Small striped bass have appeared in Three Mile Harbor.
Small striped bass have appeared in Three Mile Harbor.
State regulators at the Department of Environmental Conservation had no choice other than to slash the previous year’s fluke rules
By
David E. Rattray

Recreational anglers will have a daily limit of three fish, with a minimum length of 19 inches, when the fluke season opens in New York waters on May 17. The changes are a dramatic reduction from 2016’s five-fish, 18-inch minimum. The recreational fluke season will close on Sept. 21. 

State regulators at the Department of Environmental Conservation had no choice other than to slash the previous year’s fluke rules. The National Marine Fisheries Service had demanded further restrictions after observing a coastal decline in the number of fluke, or summer flounder. “Consistent below-average reproductive success for the last five years may be one cause for the decline,” the D.E.C. said in a press release Wednesday. 

According to the D.E.C., New York initially faced a 70-percent reduction in fluke under a federal state-by-state allocation proposal. It is estimated that the limits announced this week will result in a 30-percent reduction to meet the National Marine Fisheries requirement.

The recreational and commercial catch limits are the lowest since 1993, when the fluke management plan was first put in place, the D.E.C. said. The other Atlantic states that have active fluke fisheries are also expected to cut the allowable size for sport-caught fluke and lower possession limits.

Commercial harvesters are allowed to land fluke in state waters year round, subject to a daily limit of 50 pounds. The minimum commercial length is 14 inches. New York’s share of the region’s commercial quota is just over 432,000 pounds.

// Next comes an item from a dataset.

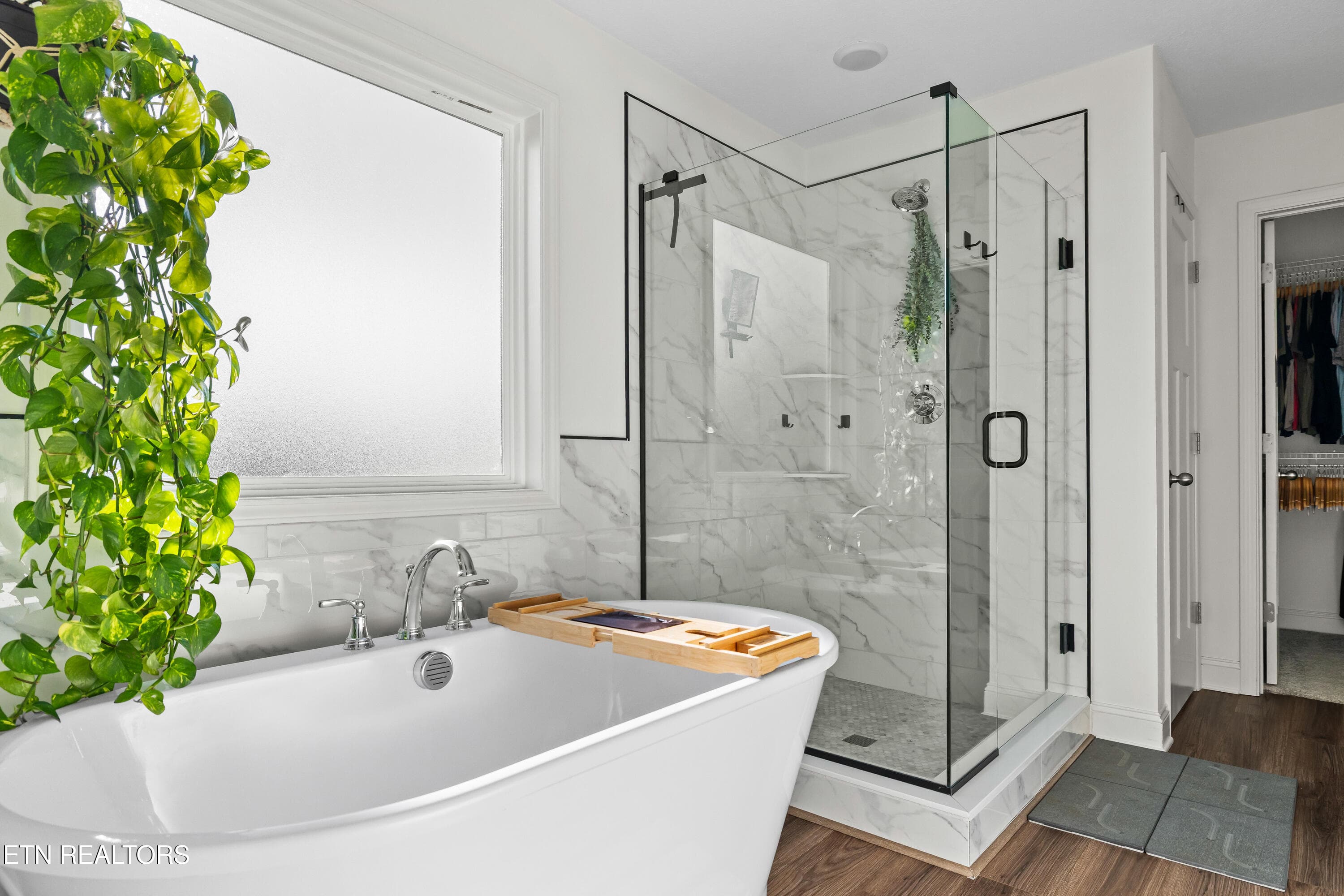Fully tiled shower/soaker tub - 8861 Yellow Aster Rd, Knoxville, TN 37931, Knoxville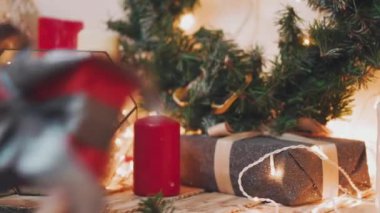 4 k el koyar sarılmış hediye kutusu Noel ağacının altında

If fluke fishing is slow or sifting through all the small ones gets irritating, there is always porgy fishing. North Fork party boats, including the Peconic Star out of Greenport, are reporting decent catches on diamond jigs, with some trips landing keeper striped bass and bluefish. Cherry Harbor on the southwest side of Gardiner’s Island is a traditional spring hot spot for porgies, in case you were wondering.

On the ocean beaches, small striped bass were just about all that were to be had until Saturday’s bad weather put an end even to that. Surfcasters were landing tiny ones on bucktails until the weekend, with a couple of large bluefish mixed in. “It shut down since that blow,” Paulie Apostolides of Paulie’s Tackle Shop in Montauk said.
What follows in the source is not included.